▶ Source material:

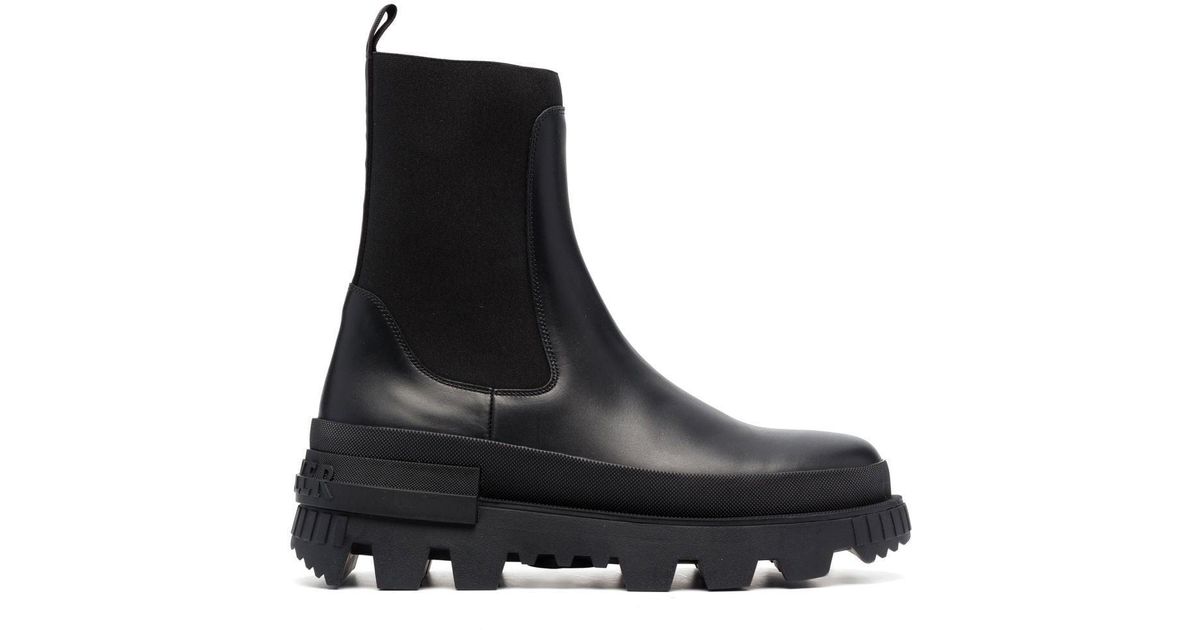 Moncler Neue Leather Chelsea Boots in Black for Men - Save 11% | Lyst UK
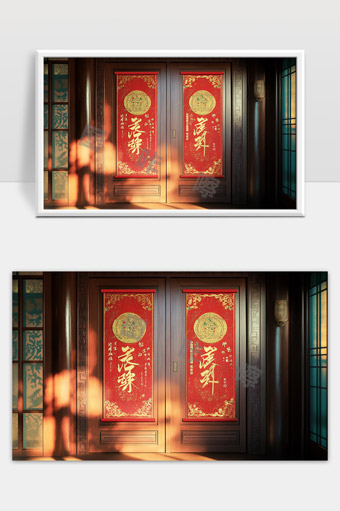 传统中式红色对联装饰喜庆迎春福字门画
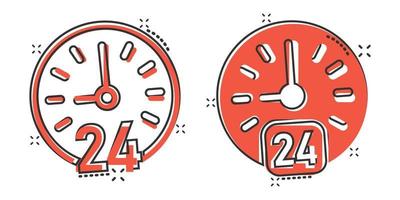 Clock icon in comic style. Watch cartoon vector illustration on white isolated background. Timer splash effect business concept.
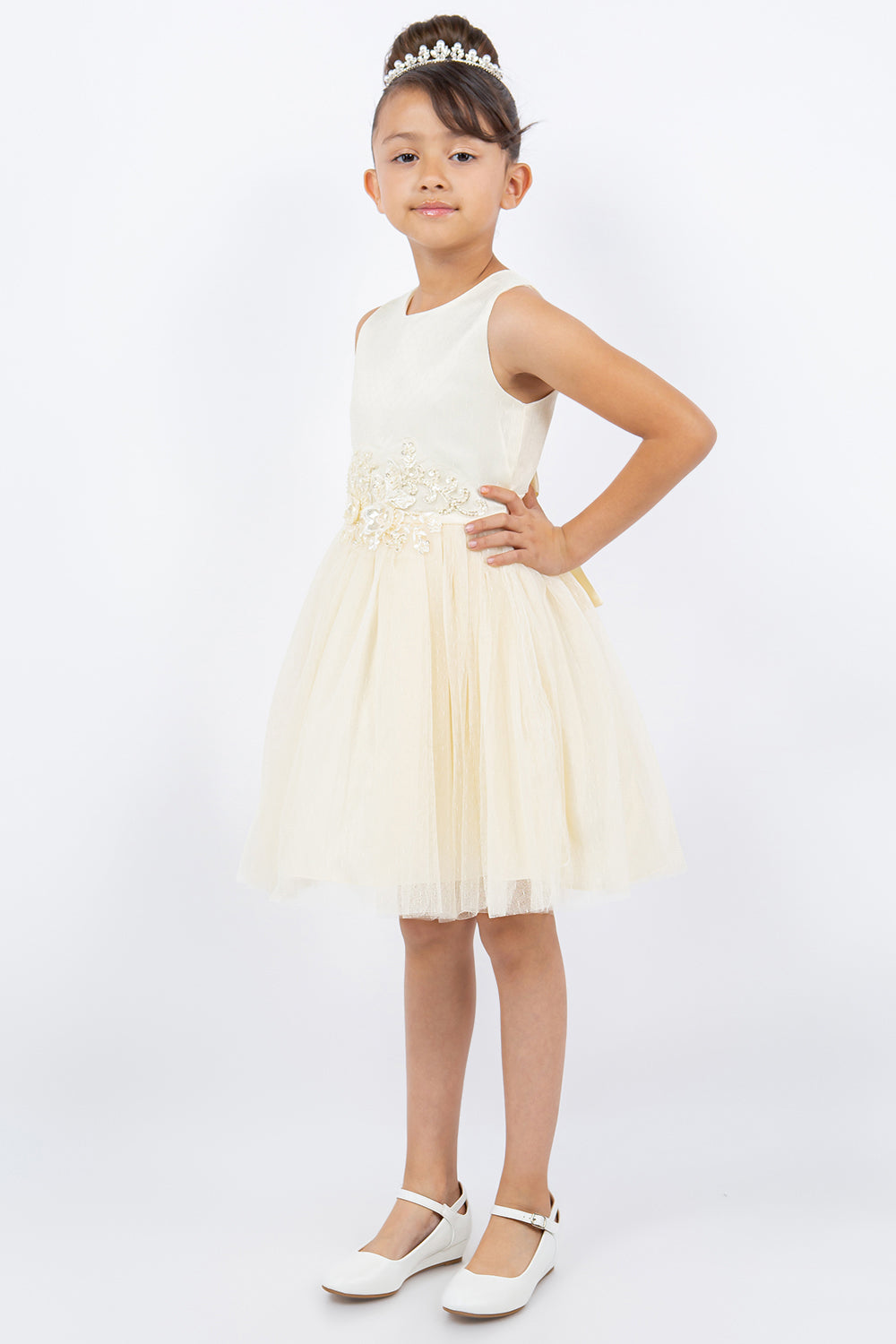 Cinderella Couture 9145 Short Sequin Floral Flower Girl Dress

▶ Work order:
What you give back should be exactly the lines from the line holding "传统中式红色对联装饰喜庆迎春福字门画" through the final line of the material, both ends included, and please leave out the pictures.

▶ Solution:
 传统中式红色对联装饰喜庆迎春福字门画
 Clock icon in comic style. Watch cartoon vector illustration on white isolated background. Timer splash effect business concept.
 Cinderella Couture 9145 Short Sequin Floral Flower Girl Dress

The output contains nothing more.